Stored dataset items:

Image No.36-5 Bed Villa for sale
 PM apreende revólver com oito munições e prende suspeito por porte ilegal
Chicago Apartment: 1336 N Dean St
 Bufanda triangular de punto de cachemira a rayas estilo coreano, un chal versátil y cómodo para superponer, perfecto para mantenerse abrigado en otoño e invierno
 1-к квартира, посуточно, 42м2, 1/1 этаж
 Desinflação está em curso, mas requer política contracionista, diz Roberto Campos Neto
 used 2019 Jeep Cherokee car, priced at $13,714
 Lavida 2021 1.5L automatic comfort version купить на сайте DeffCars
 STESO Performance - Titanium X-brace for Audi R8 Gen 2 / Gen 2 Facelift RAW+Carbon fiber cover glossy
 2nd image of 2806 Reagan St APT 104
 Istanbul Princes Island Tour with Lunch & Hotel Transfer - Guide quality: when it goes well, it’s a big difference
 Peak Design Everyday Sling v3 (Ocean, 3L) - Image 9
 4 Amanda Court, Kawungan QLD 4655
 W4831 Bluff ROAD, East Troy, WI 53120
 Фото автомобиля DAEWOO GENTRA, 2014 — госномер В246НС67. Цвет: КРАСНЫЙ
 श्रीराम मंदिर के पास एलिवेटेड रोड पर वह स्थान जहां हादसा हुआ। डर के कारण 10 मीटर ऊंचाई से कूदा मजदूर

[Required action] Only an exact transcription of all the entries will do.

[Solution]
Image No.36-5 Bed Villa for sale
 PM apreende revólver com oito munições e prende suspeito por porte ilegal
Chicago Apartment: 1336 N Dean St
 Bufanda triangular de punto de cachemira a rayas estilo coreano, un chal versátil y cómodo para superponer, perfecto para mantenerse abrigado en otoño e invierno
 1-к квартира, посуточно, 42м2, 1/1 этаж
 Desinflação está em curso, mas requer política contracionista, diz Roberto Campos Neto
 used 2019 Jeep Cherokee car, priced at $13,714
 Lavida 2021 1.5L automatic comfort version купить на сайте DeffCars
 STESO Performance - Titanium X-brace for Audi R8 Gen 2 / Gen 2 Facelift RAW+Carbon fiber cover glossy
 2nd image of 2806 Reagan St APT 104
 Istanbul Princes Island Tour with Lunch & Hotel Transfer - Guide quality: when it goes well, it’s a big difference
 Peak Design Everyday Sling v3 (Ocean, 3L) - Image 9
 4 Amanda Court, Kawungan QLD 4655
 W4831 Bluff ROAD, East Troy, WI 53120
 Фото автомобиля DAEWOO GENTRA, 2014 — госномер В246НС67. Цвет: КРАСНЫЙ
 श्रीराम मंदिर के पास एलिवेटेड रोड पर वह स्थान जहां हादसा हुआ। डर के कारण 10 मीटर ऊंचाई से कूदा मजदूर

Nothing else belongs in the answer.